Lying down inside a machine every day that makes buzzing noises and flashing lights makes you (well…me) think of scientific things…like death rays…or protons and electrons. It’s protons that are being shot into me with their “search and destroy” mission, but electrons are just as interesting. Both of these particles get what scientists call “entangled,” and both of them do what Einstein called “spooky action at a distance.” Don’t you love the language? It’s as if these things know each other really well and can predict what the other will do.
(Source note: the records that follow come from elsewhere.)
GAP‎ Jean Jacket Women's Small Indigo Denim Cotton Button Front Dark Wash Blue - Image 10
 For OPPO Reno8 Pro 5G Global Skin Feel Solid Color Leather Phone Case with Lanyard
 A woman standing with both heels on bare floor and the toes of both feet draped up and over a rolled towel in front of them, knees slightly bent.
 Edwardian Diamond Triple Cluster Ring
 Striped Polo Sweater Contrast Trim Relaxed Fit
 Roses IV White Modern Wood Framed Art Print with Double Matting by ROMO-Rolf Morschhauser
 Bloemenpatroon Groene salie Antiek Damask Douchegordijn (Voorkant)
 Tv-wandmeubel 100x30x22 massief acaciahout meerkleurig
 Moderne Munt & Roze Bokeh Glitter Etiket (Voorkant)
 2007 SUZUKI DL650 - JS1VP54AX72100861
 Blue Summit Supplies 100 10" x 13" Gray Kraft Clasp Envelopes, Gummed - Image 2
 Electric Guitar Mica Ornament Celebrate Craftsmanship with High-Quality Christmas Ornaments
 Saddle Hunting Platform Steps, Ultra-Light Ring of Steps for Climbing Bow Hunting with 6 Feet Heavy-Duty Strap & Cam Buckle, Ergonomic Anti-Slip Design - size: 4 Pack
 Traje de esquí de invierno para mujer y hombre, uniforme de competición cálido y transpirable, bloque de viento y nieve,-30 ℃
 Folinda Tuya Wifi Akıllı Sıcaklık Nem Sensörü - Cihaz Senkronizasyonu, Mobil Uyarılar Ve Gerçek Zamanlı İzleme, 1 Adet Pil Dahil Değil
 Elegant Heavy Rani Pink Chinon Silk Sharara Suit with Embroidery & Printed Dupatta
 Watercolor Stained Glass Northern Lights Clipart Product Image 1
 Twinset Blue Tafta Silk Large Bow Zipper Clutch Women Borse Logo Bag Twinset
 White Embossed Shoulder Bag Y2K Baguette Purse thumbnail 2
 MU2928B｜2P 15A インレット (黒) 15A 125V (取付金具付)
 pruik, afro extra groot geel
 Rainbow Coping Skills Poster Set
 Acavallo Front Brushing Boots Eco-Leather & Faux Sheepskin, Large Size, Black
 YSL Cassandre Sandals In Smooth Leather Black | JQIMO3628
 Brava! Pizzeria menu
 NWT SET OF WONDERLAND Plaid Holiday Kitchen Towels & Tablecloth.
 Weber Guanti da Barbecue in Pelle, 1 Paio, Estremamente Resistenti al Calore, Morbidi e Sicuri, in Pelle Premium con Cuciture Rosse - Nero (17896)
Mikael and Elai started showing their budding “entanglement” at the shower—in the shoe game. They each held a shoe in each hand, one of their own and one of the other person’s (they were both black sneakers, so we had to identify them by the laces), and when Carolyn asked a question like “Who is more romantic?” (Mikael), or “Who is more creative?” (Elai), they had to raise the appropriate shoe. Funny thing was, they answered identically almost every time, right down to the hesitations and the times they raised both shoes. Pretty good for beginners, I’d say. Hope it grows to perfection.

entangling machine!
Like electrons...which can appear in the universe already paired—already married, so to speak. These paired electrons always have opposite spins. If one spins up, the other always spins down, no matter what, because they are mirror images of one another. They are entangled. If you split these entangled (married) particles apart and send them far away from each other, they stay connected somehow. They communicate telepathically, faster than the speed of light, and nothing can travel faster than the speed of light. Einstein called this spooky and tried very hard to disprove it. The experiment that annoyed him goes like this. If you split married electrons and send them down different paths, and you randomly change the spin of one of the electrons, guess what happens to the spin of the other electron? Yes, it will still be the opposite of its pair. You can measure it at the same instance you change the first one, and it will always mirror its fellow, even when there was no time for the change to be communicated. How does it know?

And protons do something similar. If you split a proton in two, sending half of its light to one lab and the other half to another lab, and then you try to detect where the photon traveled, Lab A or Lab B, you’ll always only ever detect one photon. It might be in Lab A or Lab B, but never both. It’s described as a wave traveling to both labs, but when you measure it as a particle in one or the other, you find that photon particle somewhere and the wave collapses in the other lab. It disappears. You only ever find one photon even though the wave went to both labs.  How does that wave know?

Spooky action at a distance and entanglement happens everywhere, as if a God who is One is giving us lessons. In humans, psychologists see it in mirror neurons. That’s what makes you yawn (go ahead) because someone else is yawning. It makes you react when things aren’t happening to you directly. When something happens to someone you love, someone with whom you have been paired or entangled, your neurons fire exactly as theirs fire. You feel their disappointment, their joy, their anger. You react. Oh, I don’t mean you get telepathic messages when someone you love is in trouble (although God prompts you to pray sometimes, and Einstein would call that “spooky”). What I mean is that there are ties between us that surprise us. They make us do strange things like drive to Michigan in the middle of the night or choose the right color dishes on a gift registry. We can predict each other’s actions and be affected by them even over distance.  When a red car door shuts and you hear the engine slowly move away, or you see short brown hair through a bus window and still walk away, all your protons and electrons ache because they are paired with what is moving away.

We’re more tied than we think. We’re practicing for the time when we are “One, even as the Father and I are One,” the ultimate entanglement, the source of all “spooky action at a distance.” Marriage, and everything that we do because love “pairs” us, is a preview, a rehearsal. It’s the purpose of all life. Gradually, we should be getting this with every neighbor, though we can’t imagine how that could be possible. Even so, ultimately, we will be playing the shoe game as one body and knowing as we are known. We will “be of one mind.” Finally. We have such a long way to go. But at the end, the wedding will be breath-taking and the pairing finally perfect. Better, even, than electrons.
We should be taking notes and practicing.